-- Opening Marker --

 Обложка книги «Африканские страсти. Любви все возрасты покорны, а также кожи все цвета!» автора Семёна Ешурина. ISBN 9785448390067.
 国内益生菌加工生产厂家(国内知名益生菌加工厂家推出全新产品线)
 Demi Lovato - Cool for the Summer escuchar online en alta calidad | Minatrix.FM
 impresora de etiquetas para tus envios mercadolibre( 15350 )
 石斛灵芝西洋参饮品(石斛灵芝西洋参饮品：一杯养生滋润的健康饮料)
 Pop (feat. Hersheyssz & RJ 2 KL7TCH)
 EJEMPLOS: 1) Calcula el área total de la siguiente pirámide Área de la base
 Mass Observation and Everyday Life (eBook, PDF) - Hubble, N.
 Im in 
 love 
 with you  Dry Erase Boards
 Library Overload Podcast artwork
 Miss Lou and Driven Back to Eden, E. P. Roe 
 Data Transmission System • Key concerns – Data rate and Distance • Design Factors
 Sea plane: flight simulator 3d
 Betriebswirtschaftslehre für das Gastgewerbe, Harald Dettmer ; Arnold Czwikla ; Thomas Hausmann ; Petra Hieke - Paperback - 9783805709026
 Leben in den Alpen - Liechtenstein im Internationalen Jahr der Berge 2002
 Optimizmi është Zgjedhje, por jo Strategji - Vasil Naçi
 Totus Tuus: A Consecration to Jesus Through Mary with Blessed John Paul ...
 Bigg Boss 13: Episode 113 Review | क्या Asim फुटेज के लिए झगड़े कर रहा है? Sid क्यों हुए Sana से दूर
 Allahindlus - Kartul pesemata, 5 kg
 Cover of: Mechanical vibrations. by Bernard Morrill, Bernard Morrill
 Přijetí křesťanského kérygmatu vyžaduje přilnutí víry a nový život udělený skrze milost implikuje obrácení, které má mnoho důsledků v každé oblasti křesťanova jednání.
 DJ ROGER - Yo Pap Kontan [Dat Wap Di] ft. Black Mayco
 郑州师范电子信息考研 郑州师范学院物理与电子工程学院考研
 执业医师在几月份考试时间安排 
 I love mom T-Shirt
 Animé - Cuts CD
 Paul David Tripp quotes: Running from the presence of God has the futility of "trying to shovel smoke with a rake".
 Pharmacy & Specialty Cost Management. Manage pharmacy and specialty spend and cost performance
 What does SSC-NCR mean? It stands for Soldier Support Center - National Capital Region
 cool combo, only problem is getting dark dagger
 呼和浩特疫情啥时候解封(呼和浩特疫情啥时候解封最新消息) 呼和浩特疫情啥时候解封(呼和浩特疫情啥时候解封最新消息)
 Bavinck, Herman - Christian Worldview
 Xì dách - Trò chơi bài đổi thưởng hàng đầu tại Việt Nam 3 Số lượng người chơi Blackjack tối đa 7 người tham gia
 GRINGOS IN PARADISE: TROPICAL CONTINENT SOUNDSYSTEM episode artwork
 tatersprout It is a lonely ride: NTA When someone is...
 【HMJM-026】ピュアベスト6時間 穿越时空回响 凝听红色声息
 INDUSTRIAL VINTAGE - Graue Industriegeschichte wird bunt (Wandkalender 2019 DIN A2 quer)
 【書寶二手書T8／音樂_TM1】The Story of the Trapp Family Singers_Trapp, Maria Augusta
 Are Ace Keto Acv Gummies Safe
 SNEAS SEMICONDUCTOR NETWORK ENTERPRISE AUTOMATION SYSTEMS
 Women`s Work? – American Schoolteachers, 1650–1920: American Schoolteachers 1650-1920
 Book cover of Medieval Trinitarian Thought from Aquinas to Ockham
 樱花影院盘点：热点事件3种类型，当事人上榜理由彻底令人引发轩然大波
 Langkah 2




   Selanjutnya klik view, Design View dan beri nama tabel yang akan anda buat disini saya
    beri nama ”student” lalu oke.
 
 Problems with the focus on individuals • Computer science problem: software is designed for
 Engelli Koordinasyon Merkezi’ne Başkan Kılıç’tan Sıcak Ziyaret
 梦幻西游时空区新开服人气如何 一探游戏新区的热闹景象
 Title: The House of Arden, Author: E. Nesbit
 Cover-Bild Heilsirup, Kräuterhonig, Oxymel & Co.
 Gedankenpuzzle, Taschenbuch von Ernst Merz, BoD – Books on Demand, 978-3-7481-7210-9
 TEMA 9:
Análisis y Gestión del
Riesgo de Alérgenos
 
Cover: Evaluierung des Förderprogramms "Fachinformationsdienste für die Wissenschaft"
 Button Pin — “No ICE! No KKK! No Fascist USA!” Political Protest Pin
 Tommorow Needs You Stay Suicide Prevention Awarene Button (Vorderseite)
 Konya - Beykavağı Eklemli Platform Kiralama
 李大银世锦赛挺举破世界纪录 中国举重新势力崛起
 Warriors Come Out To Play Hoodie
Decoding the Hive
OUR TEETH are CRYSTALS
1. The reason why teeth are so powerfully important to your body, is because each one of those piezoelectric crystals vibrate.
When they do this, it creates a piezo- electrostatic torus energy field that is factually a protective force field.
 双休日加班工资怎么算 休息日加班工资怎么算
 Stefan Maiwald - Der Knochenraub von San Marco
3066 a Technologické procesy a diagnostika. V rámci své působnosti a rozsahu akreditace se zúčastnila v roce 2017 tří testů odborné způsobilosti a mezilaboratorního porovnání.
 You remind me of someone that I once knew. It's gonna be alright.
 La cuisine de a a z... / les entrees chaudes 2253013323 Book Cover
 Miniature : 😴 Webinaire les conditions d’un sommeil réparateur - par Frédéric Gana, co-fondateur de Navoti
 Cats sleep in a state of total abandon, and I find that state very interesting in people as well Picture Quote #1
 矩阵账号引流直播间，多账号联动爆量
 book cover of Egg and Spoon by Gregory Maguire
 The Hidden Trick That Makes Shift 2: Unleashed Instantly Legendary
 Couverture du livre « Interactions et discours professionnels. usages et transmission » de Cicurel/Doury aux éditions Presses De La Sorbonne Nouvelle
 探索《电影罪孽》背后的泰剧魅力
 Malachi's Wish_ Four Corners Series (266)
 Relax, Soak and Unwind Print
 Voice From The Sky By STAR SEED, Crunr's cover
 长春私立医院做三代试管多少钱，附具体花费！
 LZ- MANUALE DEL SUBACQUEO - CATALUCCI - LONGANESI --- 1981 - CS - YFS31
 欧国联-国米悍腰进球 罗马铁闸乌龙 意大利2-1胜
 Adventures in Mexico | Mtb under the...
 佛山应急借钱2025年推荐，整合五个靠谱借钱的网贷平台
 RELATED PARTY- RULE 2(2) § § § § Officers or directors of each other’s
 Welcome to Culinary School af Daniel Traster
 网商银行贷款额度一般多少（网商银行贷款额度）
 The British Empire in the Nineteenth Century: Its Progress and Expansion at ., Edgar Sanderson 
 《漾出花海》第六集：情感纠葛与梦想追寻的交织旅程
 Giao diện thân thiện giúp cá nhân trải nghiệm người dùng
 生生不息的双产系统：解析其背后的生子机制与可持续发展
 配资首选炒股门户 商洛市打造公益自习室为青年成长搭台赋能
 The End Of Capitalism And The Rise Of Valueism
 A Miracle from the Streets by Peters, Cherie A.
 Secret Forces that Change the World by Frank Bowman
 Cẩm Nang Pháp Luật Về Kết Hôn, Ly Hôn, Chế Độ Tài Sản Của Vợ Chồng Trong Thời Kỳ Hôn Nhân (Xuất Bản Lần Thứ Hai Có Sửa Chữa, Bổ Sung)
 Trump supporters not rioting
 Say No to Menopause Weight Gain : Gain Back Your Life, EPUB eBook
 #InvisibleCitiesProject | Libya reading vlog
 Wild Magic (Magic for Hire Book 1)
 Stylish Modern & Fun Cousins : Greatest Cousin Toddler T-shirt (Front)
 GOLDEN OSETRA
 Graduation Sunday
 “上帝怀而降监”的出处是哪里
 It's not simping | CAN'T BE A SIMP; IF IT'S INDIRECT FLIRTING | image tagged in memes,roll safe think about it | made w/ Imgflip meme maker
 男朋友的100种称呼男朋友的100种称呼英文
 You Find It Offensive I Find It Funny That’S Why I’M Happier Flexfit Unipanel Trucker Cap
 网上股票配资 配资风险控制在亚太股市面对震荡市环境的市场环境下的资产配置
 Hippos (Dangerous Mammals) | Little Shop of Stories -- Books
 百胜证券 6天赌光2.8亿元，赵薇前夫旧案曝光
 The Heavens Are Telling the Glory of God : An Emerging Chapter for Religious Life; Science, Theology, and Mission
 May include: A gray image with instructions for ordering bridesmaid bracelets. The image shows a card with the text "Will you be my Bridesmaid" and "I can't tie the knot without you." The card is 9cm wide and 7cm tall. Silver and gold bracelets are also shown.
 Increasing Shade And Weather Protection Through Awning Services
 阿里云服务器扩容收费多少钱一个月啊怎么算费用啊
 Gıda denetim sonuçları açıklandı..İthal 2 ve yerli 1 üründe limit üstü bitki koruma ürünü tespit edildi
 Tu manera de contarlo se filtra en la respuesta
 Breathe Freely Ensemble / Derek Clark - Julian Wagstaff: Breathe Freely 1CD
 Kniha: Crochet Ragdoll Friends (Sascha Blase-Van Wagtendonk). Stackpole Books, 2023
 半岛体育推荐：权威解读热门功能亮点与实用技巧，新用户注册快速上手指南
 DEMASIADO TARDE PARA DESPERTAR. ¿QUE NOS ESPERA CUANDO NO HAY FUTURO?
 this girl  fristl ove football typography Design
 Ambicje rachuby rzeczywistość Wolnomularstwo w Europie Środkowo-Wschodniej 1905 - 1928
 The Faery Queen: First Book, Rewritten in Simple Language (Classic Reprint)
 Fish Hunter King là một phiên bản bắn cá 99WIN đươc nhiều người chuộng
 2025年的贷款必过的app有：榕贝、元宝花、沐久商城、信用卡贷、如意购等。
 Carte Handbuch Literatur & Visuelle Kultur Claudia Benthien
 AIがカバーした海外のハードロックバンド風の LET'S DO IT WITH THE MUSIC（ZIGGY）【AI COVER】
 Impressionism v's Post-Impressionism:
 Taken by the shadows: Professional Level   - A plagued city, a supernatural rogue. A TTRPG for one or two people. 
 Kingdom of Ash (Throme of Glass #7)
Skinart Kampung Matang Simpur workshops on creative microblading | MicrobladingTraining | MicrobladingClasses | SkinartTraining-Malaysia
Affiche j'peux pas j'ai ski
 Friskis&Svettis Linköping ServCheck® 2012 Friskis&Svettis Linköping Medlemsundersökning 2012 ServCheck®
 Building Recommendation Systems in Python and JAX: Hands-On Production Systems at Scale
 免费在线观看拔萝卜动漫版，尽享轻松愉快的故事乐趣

-- Closing Marker --

■ **ACTION ITEM**: Could you return, word for word, only the lines running from the first line of the material above to the line that contains "Demi Lovato - Cool", inclusive?

■ **EXERCISE ANSWER**:
 Обложка книги «Африканские страсти. Любви все возрасты покорны, а также кожи все цвета!» автора Семёна Ешурина. ISBN 9785448390067.
 国内益生菌加工生产厂家(国内知名益生菌加工厂家推出全新产品线)
 Demi Lovato - Cool for the Summer escuchar online en alta calidad | Minatrix.FM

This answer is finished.